* _Your goal_: Below is a listing; retype exactly the lines between the one containing "Pessoa sendo interrompida" and the one containing "JoyCat Ice Cream", inclusive, minus the pictures.

* _Available data_:
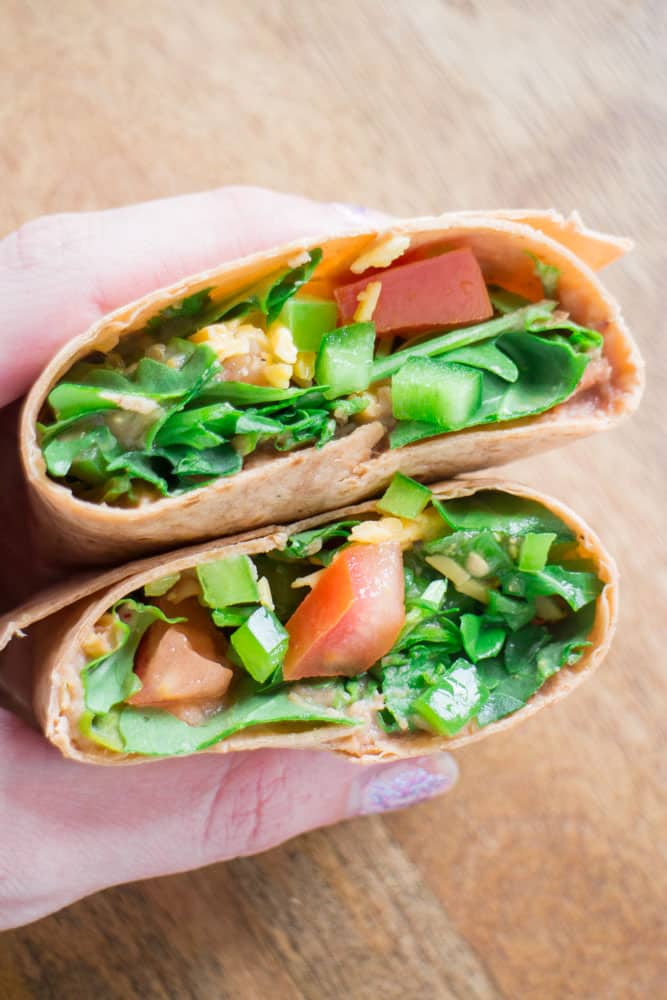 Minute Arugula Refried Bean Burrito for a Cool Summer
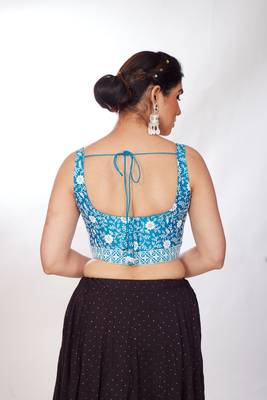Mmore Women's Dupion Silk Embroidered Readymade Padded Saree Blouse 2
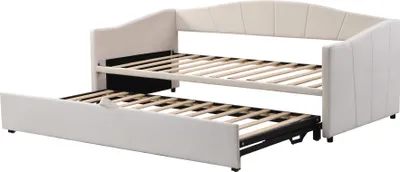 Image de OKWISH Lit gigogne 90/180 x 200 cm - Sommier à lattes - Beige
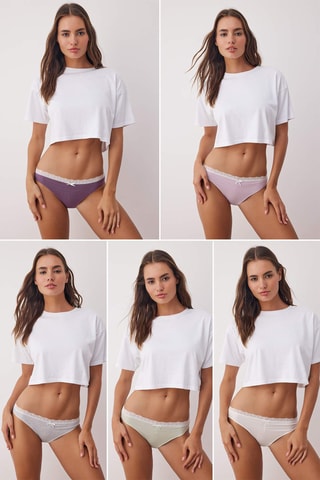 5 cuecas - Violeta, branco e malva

...

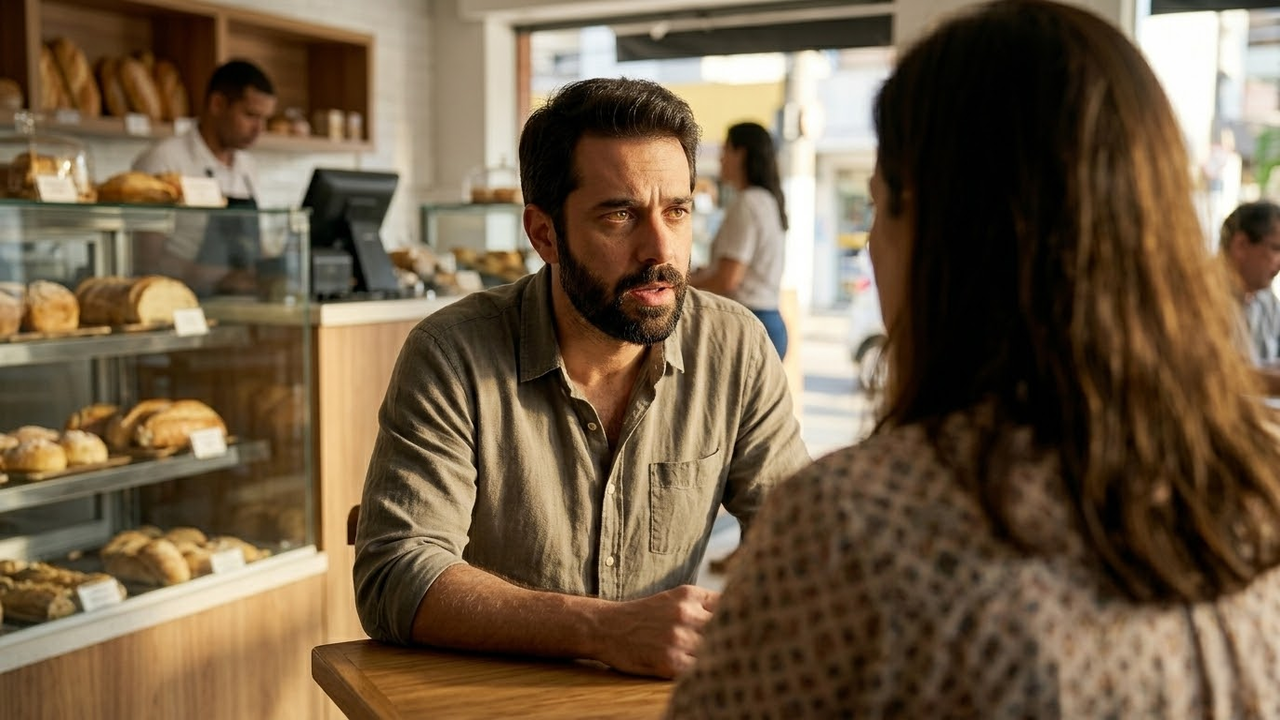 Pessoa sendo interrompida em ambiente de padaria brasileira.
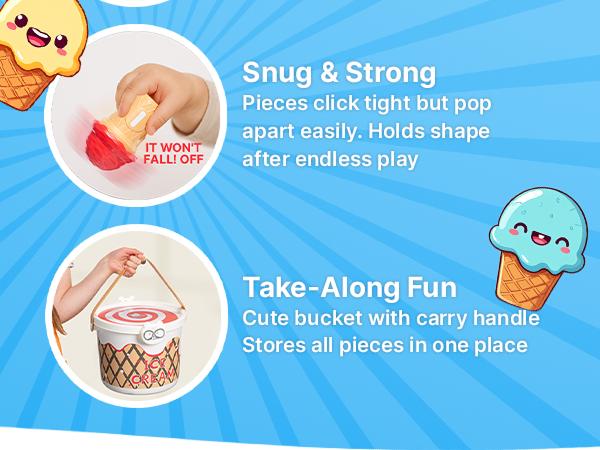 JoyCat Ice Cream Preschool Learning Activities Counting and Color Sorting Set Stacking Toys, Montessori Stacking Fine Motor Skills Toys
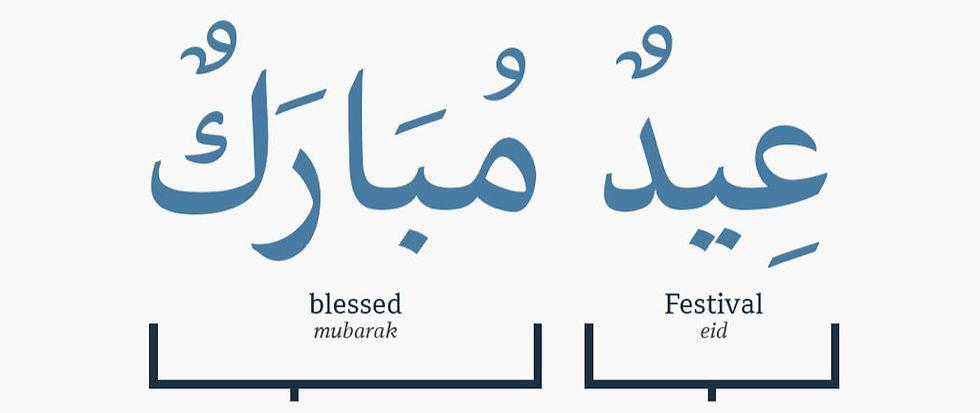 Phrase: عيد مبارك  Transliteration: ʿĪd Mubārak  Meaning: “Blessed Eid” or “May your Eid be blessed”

* _The answer_:
 Pessoa sendo interrompida em ambiente de padaria brasileira.
 JoyCat Ice Cream Preschool Learning Activities Counting and Color Sorting Set Stacking Toys, Montessori Stacking Fine Motor Skills Toys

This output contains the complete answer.